_DATASET ENTRIES_
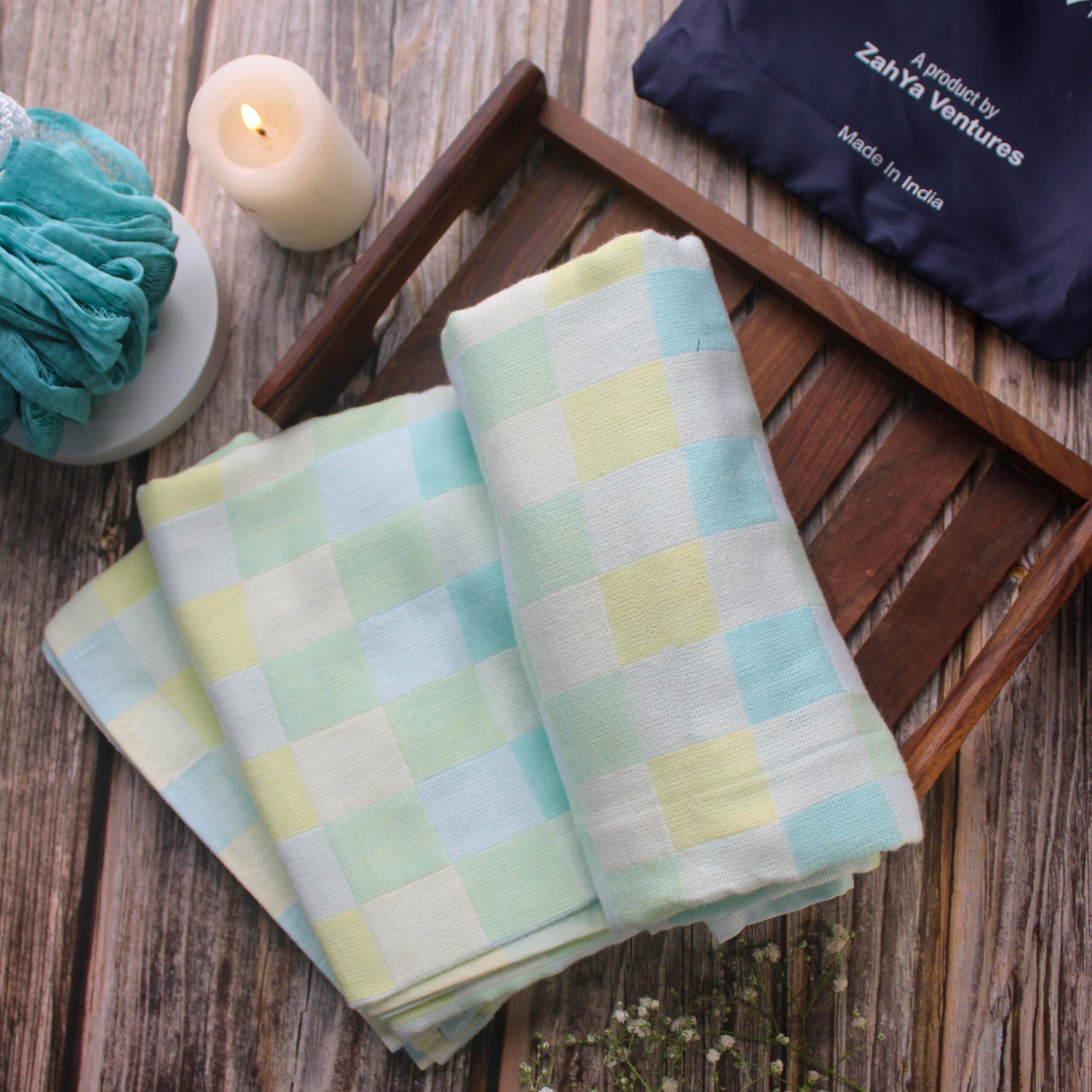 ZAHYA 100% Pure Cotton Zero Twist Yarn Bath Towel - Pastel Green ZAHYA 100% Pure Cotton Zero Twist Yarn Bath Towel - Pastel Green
* * *
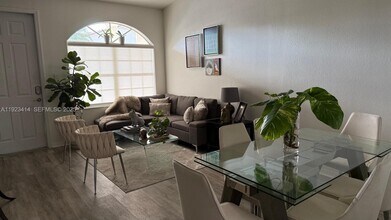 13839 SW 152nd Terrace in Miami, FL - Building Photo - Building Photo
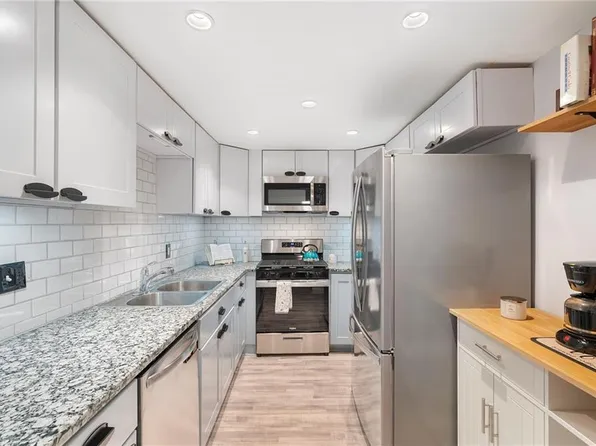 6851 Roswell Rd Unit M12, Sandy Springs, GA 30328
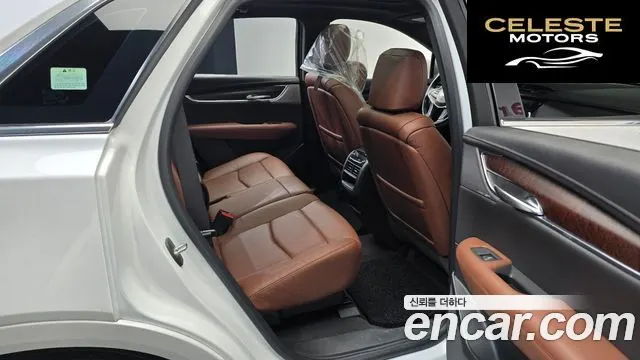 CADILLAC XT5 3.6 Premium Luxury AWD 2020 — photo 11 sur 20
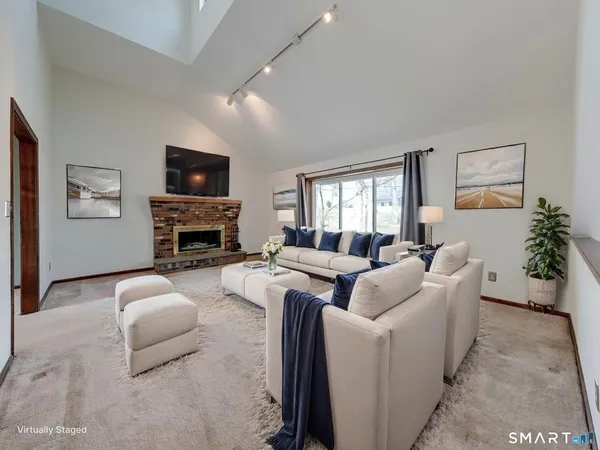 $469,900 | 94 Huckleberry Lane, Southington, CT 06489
--
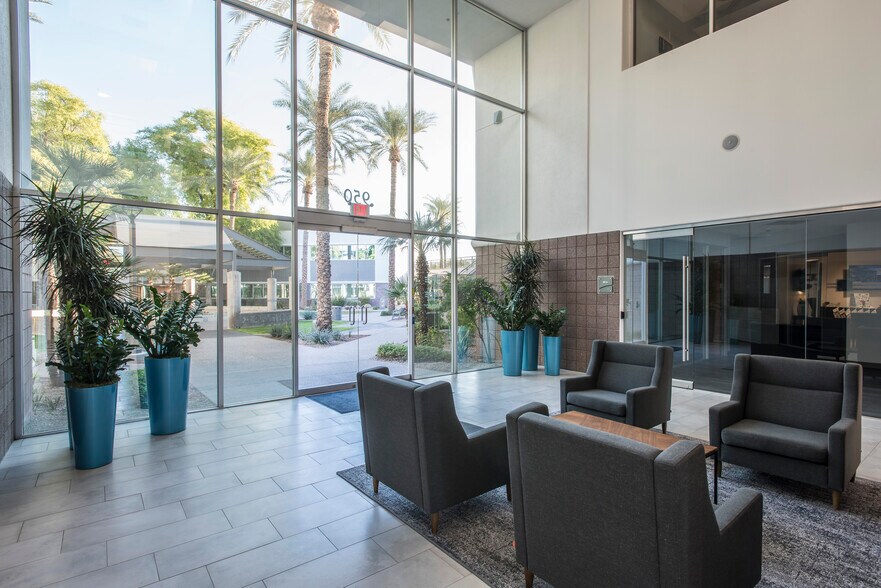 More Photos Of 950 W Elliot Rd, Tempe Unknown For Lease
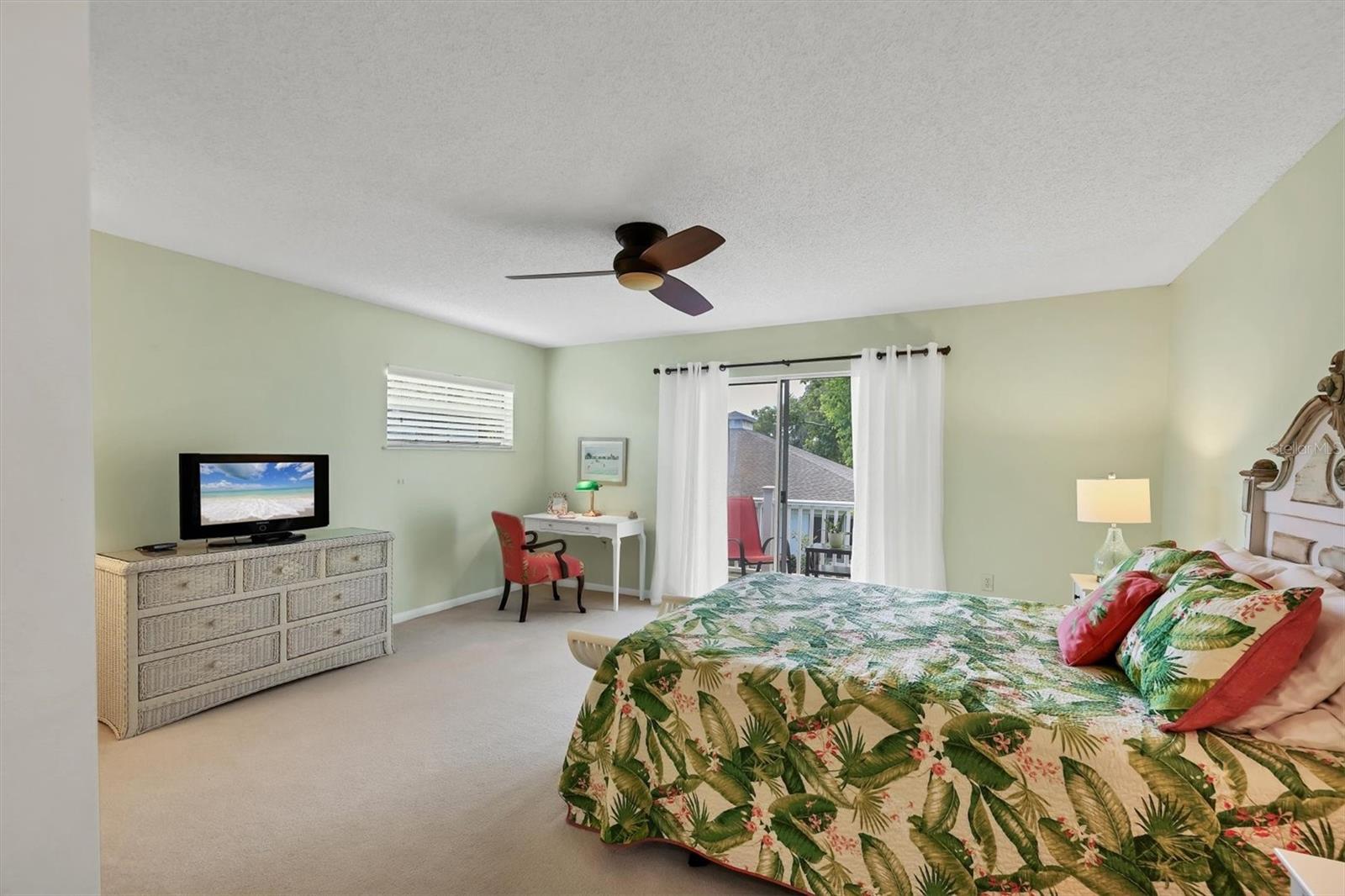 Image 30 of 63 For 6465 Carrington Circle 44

_YOUR OBJECTIVE_
Copy word for word the lines above, starting at the line containing "13839 SW 152nd" and ending at the line containing "Southington, CT 06489", inclusive, with no pictures.

_EXPECTED OUTPUT_
 13839 SW 152nd Terrace in Miami, FL - Building Photo - Building Photo
 6851 Roswell Rd Unit M12, Sandy Springs, GA 30328
 CADILLAC XT5 3.6 Premium Luxury AWD 2020 — photo 11 sur 20
 $469,900 | 94 Huckleberry Lane, Southington, CT 06489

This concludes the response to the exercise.